During this month and a couple of subsequent months, I was like Jimmy Carter mediating between Sadat and Begin at Camp David. We sat at a round table and negotiated terms. Here is part of the transcript of these negotiations:


Bella: You are too big for this house.
Nina: Are you saying I’m fat?
Bella: I’m saying you’re too fat. You consume the human’s resources. You eat everything. And you’re slow and awkward. Your tail is a pendulum of destruction. We can’t even have visitors without you raising hell. You’re a threat to me and to the sanctity of this household.

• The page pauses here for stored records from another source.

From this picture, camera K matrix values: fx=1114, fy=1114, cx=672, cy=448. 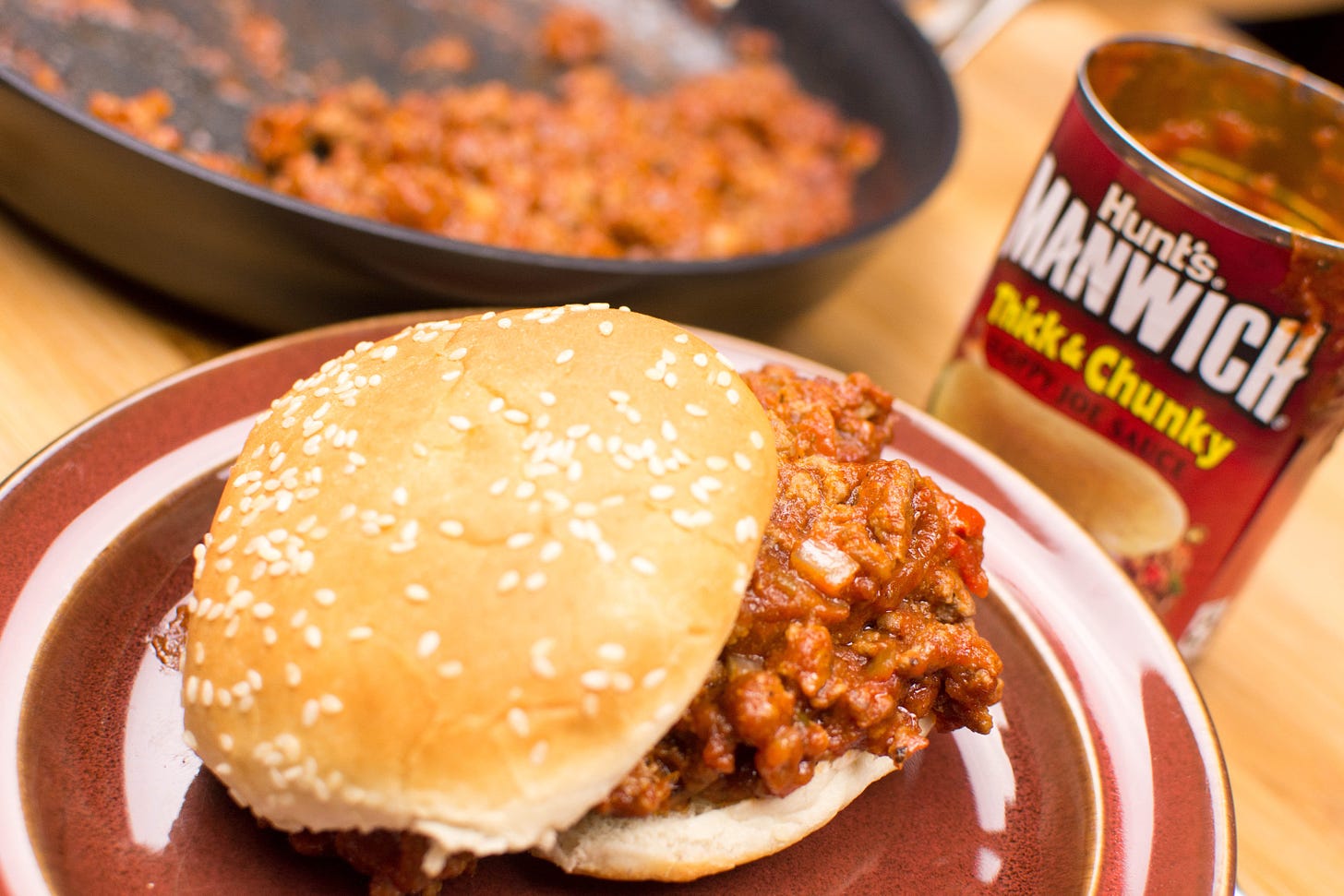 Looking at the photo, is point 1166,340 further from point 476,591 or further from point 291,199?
point 291,199

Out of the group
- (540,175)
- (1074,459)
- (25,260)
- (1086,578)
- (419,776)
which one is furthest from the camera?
(540,175)

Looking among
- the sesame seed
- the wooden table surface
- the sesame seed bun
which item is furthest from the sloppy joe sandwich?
the wooden table surface

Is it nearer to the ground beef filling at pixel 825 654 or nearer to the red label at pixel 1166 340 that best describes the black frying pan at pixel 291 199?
the red label at pixel 1166 340

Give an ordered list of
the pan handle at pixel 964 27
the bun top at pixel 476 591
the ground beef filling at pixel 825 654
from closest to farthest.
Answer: the bun top at pixel 476 591 → the ground beef filling at pixel 825 654 → the pan handle at pixel 964 27

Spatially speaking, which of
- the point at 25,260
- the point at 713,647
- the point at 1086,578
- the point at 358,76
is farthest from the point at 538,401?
the point at 358,76

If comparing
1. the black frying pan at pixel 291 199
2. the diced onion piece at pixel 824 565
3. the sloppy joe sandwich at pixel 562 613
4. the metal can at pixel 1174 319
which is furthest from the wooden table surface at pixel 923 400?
the diced onion piece at pixel 824 565

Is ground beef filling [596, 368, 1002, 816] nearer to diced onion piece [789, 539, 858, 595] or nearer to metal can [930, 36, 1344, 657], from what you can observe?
diced onion piece [789, 539, 858, 595]

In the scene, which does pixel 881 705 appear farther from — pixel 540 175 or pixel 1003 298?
pixel 540 175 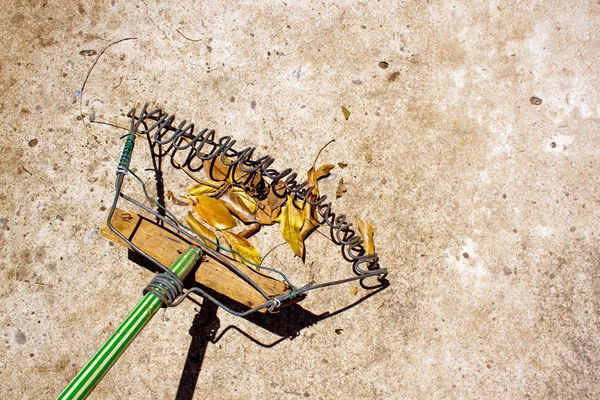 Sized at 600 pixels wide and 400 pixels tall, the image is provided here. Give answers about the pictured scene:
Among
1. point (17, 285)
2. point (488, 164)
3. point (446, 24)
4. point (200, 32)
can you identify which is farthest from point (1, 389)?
point (446, 24)

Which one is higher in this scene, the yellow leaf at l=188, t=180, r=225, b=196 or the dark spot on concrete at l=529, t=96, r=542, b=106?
the dark spot on concrete at l=529, t=96, r=542, b=106

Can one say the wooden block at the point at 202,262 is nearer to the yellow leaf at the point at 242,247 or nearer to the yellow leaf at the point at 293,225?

Nina: The human wants to give me those resources. And do you know why?
Bella: Because he’s as dumb as you are?
Nina: No. Because I don’t strut around this house like I own it, I obey commands, and I actually like him. And by the way, you’re not exactly a model of fitness either, Ms. Gut Hangs to the Ground.
Bella: Oh please – go shit in the woods.
Nina: Oh, I’m sorry – we as a species have not yet evolved to shit in a tiny little box filled with sand. You’re SO advanced.
Bella: Its called litter, pea brain, and you would eat it if you had the chance.
Matt: I feel like we’re getting off track here. We were discussing household boundaries and the prospects for peace.
Bella: If you want peace, tell Chewbacca here to stop chasing me when I come in the room. As if it has a chance of catching me, too.
Nina: (calmly threatening) One day you’ll be off guard. You’ll be licking your fur like a disgusting animal, and I’ll be all over you like a cheap fucking suit.
Bella: You’re welcome to keep trying, Gigantor. Do you smell any fear coming from me right now, motherfucker?
Nina: I smell a small quadruped who is weak, alone, and clearly outmatched. I also smell ice cream coming from somewhere, but that’s beside the point.
Bella: Is this your theory of “survival of the fattest?”
Nina: Yeah, and you’re the test data, bitch.
Matt: OKAY, can we stop bickering like children and act like adults?
Bella: I’m two years old.
Nina: I’m three. (Both snicker.)
Matt: We had a treaty in principle. Now what do I have to do to put you two in this house in peace today?
Nina: I would request a long walk and a meal, but I’m getting those anyway.
Bella: I don’t need shit. Its Big Mama over there who is high maintenance.
Nina: Go get your catnip fix and scratch your post, you glorified rat.
Bella: Do you see, human? I can’t live with this thing. She snaps at a moment’s notice. She has no tact, no grace. She would eat me if she could move faster than a slug in cement. Its so unladylike.
Nina: Unladylike? Yeah – that’s a very modern, enlightened viewpoint. Females can’t be aggressive and confident?
Bella: Not when their doing so makes other living things bleed.
Matt: Well, maybe you’d both feel better about your lives if I took you down to the SPCA and put you both up for adoption.
Nina: I smell fear. Is that me?
Bella: The fear you smell is mine. The other disgusting shit you smell is you.
Nina: Maybe we work something out.
Bella: Oh, you love me already.


These tense negotiations went on for a few weeks. I tried to find common enemies for them, such as birds, other cats, and the vacuum cleaner. Eventually, we emerged, hands and paws clasped together, with a signed treaty. Now, today, they're companions. They sleep right next to each other in my bed every night. Three days ago, I saw Bella rubbing her head on Nina’s legs (marking her ‘territory’). To be honest, sometimes I feel like I'm the third wheel.